Edit: Xeon E7320 as suggested by Peter.
Update: I'm not sure whether Matlab's bench takes advantage of just a single CPU core, multiple CPU cores, or also a GPU (OpenCL / CUDA). If it can use GPU acceleration, that would make a huge difference. (Especially if you don't have one at all in your "slow" server).
As discussed in comments, a dual-core Sandybridge laptop is 10x faster on some of the benchmarks, but only 2 or 1.5x faster on some other components. (But I'm not sure if the version of Matlab was controlled for; that thread you linked mentioned that different version of Matlab do a different amount of work in their bench).

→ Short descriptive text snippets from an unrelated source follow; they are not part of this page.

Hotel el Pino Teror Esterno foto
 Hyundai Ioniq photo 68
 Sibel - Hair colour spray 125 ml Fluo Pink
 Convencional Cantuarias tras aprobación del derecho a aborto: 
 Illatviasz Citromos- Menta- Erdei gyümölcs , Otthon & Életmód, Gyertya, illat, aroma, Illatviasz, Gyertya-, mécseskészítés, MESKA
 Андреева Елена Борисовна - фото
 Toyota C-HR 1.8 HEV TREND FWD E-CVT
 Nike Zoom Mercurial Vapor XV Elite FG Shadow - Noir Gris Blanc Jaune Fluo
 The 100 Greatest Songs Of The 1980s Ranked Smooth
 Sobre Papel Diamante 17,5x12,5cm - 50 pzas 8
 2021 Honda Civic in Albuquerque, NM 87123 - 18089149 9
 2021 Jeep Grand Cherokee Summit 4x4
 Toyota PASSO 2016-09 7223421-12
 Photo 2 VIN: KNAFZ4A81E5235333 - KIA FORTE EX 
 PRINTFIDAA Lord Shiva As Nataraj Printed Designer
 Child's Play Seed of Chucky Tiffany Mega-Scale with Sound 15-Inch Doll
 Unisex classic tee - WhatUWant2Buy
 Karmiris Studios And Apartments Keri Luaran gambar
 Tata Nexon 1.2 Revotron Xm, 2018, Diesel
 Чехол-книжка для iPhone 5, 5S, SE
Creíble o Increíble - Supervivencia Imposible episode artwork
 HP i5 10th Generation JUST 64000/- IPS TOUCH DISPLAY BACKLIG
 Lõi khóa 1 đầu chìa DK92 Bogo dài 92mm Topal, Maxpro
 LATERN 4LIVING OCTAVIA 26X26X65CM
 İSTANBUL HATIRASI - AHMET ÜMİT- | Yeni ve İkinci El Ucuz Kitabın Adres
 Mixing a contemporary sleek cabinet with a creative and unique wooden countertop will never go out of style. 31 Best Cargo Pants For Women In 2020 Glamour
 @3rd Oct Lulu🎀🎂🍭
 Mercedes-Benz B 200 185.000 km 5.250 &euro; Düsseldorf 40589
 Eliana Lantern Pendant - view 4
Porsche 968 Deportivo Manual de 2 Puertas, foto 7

The rest of this answer was written with the assumption that your test takes advantage of all your CPU cores (otherwise there's no point using an old many-core machine). But without considering GPU.
I think your CPU is actually a 65nm Core2-based Xeon E7320, not "E3720" (no google hits). What are you comparing against? Your Tigerton CPUs are ancient (about 10 years old), of course they're slow. (Tigerton is the same microarchitecture as Conroe/Merom, first-gen Core2).
You have very low memory bandwidth and cache speeds compared to a modern CPU, as well as only having SSSE3, not AVX or FMA. These CPUs don't have a memory controller built-in, so all 4 sockets are sharing the memory controller hub (MCH) via separate 1066MHz Front-Side Buses. Memory bandwidth doesn't scale with number of sockets, and is not great. Memory bandwidth has grown faster than per-core performance over the years. According to that link, a quad-socket 16-core Tigerton (like you have) is barely better than a quad-socket 8-core Barcelona Opteron. It's not so bad for CPU-bound workloads, but memory-bound workloads will do quite badly.
As well as the low clock speed, it's significantly slower clock-for-clock than a modern CPU. IDK what those times are supposed to be like (I'm here for the [performance] tag, not Matlab), but it's totally plausible that a 3GHz quad-core i5 or i7 Haswell / Skylake desktop or high-power laptop would be faster than your 16-core dinosaur machine.
(Actually, does that benchmark even scale with the number of cores? If not, the single-threaded memory bandwidth is probably really not good.)
A very big jump in performance happened with Sandybridge (for all code, including non-SIMD workloads), and there were several other smaller jumps in between your machine and modern CPUs as well. SnB can run 2 load instructions per clock, vs. 1 for previous Intel (like your Core2).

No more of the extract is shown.